通过 --view-legalize-dags 查看 combine1 之后 (legalize 之前的) SDAG, 以下同理
legalize

–view-dag-combine2-dags
combine2

–view-isel-dags
isel

-view-sched-dags
sched

1.3.2. SelectionDAG

SelectionDAGBuilder 用来生成最初的 SDAG (SelectionDAG), RISC-V 相关的代码主要在 RISCVISelLowering.cpp, 实际上, 生成原始的SDAG/combine/legalize 相关的代码称为 TargetLowering (或者 ISelLowering)

$> riscv-llc test.bc -view-dag-combine1-dags
$> dot -Tpng tmp/dag.MUL-cb5dd4.dot -o a.png

黑色实线: 数据依赖
蓝色虚线: chain, 即两者存在隐式的依赖关系
红线实线: glue, 两者需要 `glue` 在一起, 中间不能插入其它东西

其中 DAG 中 node 的类型例如 fadd 定义在 ISDOpcodes.h, 和 gcc 的 optab 有些类似

可以把 SDAG 看做 gcc rtl, 但与 gcc 不同的是, 生成 SDAG 时并不需要 td, td 中定义的 pattern 只是用来 isel 时做匹配.
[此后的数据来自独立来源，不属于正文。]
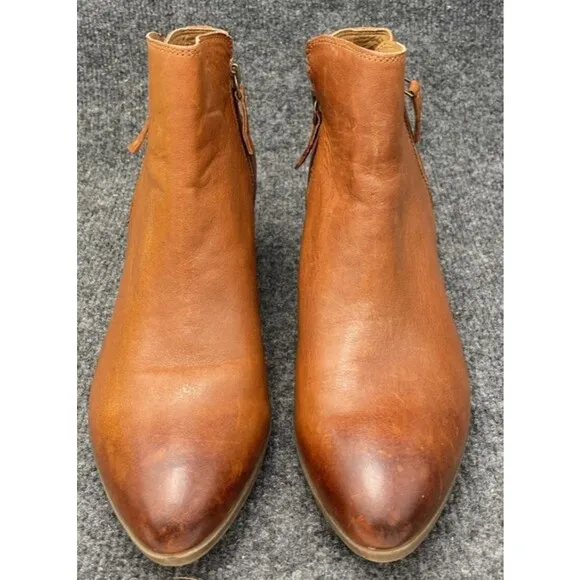 Frye Shoes Womens Size 9 Judith Whiskey Double Zip Ankle Booties Brown Leather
这个过程基本是 target 无关的, 但也有例外, 例如 target 需要实现 LowerCall, LowerReturn 等在 DAG 中生成 target 相关的 node. 以 LowerReturn 为例, 它需要根据调用约定生成一些 CopyToReg, 最终生成 target 相关的 ISD, 例如 RISCVIDS::RET_FLAG

1.3.3. combine

DAGCombiner 是在 SDAG 上做的 optimization, 这个过程是 target 相关的: 它会执行 target 定义的 PerformDAGCombine, 例如 RISCVTargetLowering::PerformDAGCombine

例如, 通过 combineSelectAndUse 把 `(sub x, (select cond, 0, c))` 替换为 `(select cond, x, (sub x, c))`

DAGCombiner 在 legalize 前后都会进行, 它的任务和 isel 时的 pattern 匹配有些类似, 相当于把 isel 时的一些复杂的匹配拿出来用代码实现了, 例如可以通过 DAGCombiner 把一些 bit 操作替换为 extract/insert 指令

1.3.4. legalize

如果 target 不支持 SDAG 的某个 node 或数据类型, 需要在 legalize 和 legalize type 时转换成 target 支持的 node 和类型, 或者生成对 libcall 的调用, 这个过程是 target 相关的.
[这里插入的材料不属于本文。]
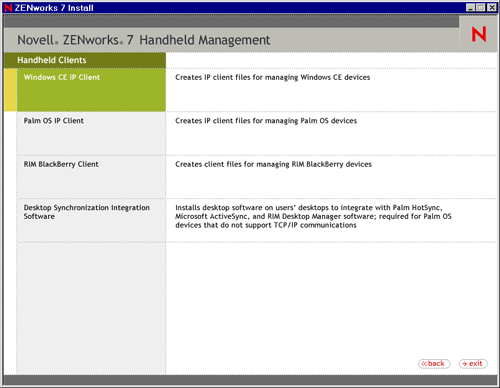 Windows CE IP Client selection page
RISCVTargetLowering 负责告诉 SelectionDAGLegalize 哪些 opcode 需要进行哪种形式的 legalize: expand, promotion, libcall, custom

1.3.4.1. expand

假设 target 声明不支持 SUB, 且其 operation action 为 expand, 则 legalize 时会针对 SUB 调用 ExpandNode, 后者会把 SUB(A,B) 替换成 ADD(A,-B). 如果 expand 失败 (例如 target 不支持 ADD 或 XOR), 则最终会变成一个 libcall.

expand 的规则是和 target 无关的, ExpandNode 针对某些 opcode 实现了一系列的 expand 规则, target 只需要提供 isOperationLegal 的信息即可

bool SelectionDAGLegalize::ExpandNode(SDNode *Node) {
    switch (Node->getOpcode()) {
        case ISD::SUB: {
            EVT VT = Node->getValueType(0);
            assert(
                TLI.isOperationLegalOrCustom(ISD::ADD, VT) &&
                TLI.isOperationLegalOrCustom(ISD::XOR, VT) &&
                "Don't know how to expand this subtraction!");
            /* -A = (~A) + 1 */
            Tmp1 = DAG.getNOT(dl, Node->getOperand(1), VT);
            Tmp1 =
                DAG.getNode(ISD::ADD, dl, VT, Tmp1, DAG.getConstant(1, dl, VT));
            Results.push_back(
                DAG.getNode(ISD::ADD, dl, VT, Node->getOperand(0), Tmp1));
            break;
        }
    }
}

gcc 的 optabs.cc 中也有类似 expand 的处理, 以 abs 为例, 在 expand_abs 时会检查 abs_optab 是否在 md 中有对应的实现, 如果没有, 则按预定义的规则进行 expand.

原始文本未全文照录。